REBEL league football in Guernsey is nothing new, so if it returns in September, those running it could do worse than investigate why the original rose and fell in just a few years.
It was a question put this week to Monty Waterman (pictured), who four decades ago ran one of the most successful social league teams the island has seen, F Troop, named after the mildly funny American comedy series of the period and focused on the antics of a cavalry brigade.
On screen, Ken Perry was the main man as Captain Wilton Parmenter.

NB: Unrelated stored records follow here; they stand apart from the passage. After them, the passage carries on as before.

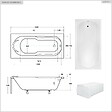 BESCO - Baignoire rectangulaire - 150 x 70 cm - sans Habillage - avec Pieds - Vidage Chrome - BONA - vignette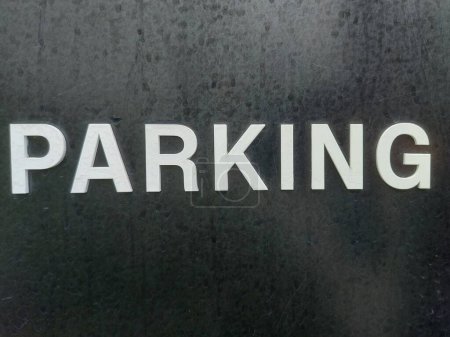 Photo for Parking text on black background - Royalty Free Image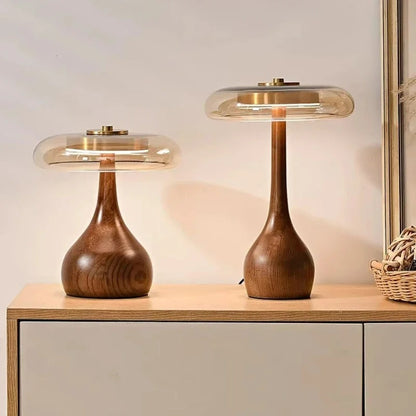 Cognara Glass Table Lamp | Modern Brass and Walnut Wood Accent Table Light In Two Lamp Heights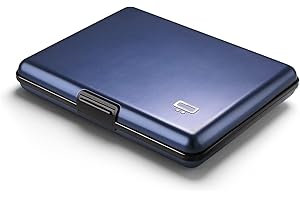 ÖGON -DESIGNS- Portefeuille en Aluminium, Format Carte d'identité, permis de Conduire, Protection RFID Contre la fraude et la démagnétisation, modèle Smart Case BIG Stockholm (Navy Blue)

In Guernsey, it was Monty who ran the troop from its social haunt at the Red Lion and very effectively too.
Playing in white shirts, blue shorts and red socks, F Troop won cups and championships first in the Rebel League and, when they tired of the administration antics, they opted to join the GFA affiliated Sunday Soccer League.
Hearing Monty, not a lot seems to have changed in 40 years.

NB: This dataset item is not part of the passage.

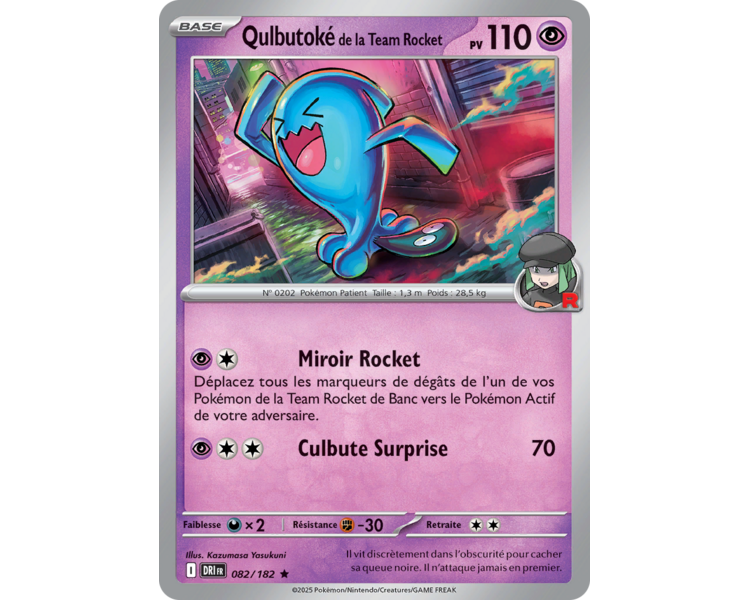 Qulbutoké de la Team Rocket Pv 110 82/182 - Carte Rare Holographique - Écarlate et Violet Rivalités Destinées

‘I thought it would be better for us [to join the SSL] because the Rebel League had begun to get a slot of stick from the GFA clubs, even though it had changed its name to the Sarnia League.
‘I wasn’t liking the way it was run.
‘We were also getting a lot of hassle from GFA clubs because they didn’t want their players getting injured.
‘We couldn’t get GFA refs because we weren’t affiliated.’
The ‘theirs’ were very tasty players indeed.
Early F Troop sides contained most of the great North under-18 squad of the early 60s, men of the calibre of North and later St Martin’s Muratti stars Colin Loveridge and Alan de Jersey.
Other regulars were Dave Thompson, Keith Rive, John Kenneally, the Cummins brothers, Paddy and Martin, Pat Ferbrache, Freddie Willcocks and Richard Harvey.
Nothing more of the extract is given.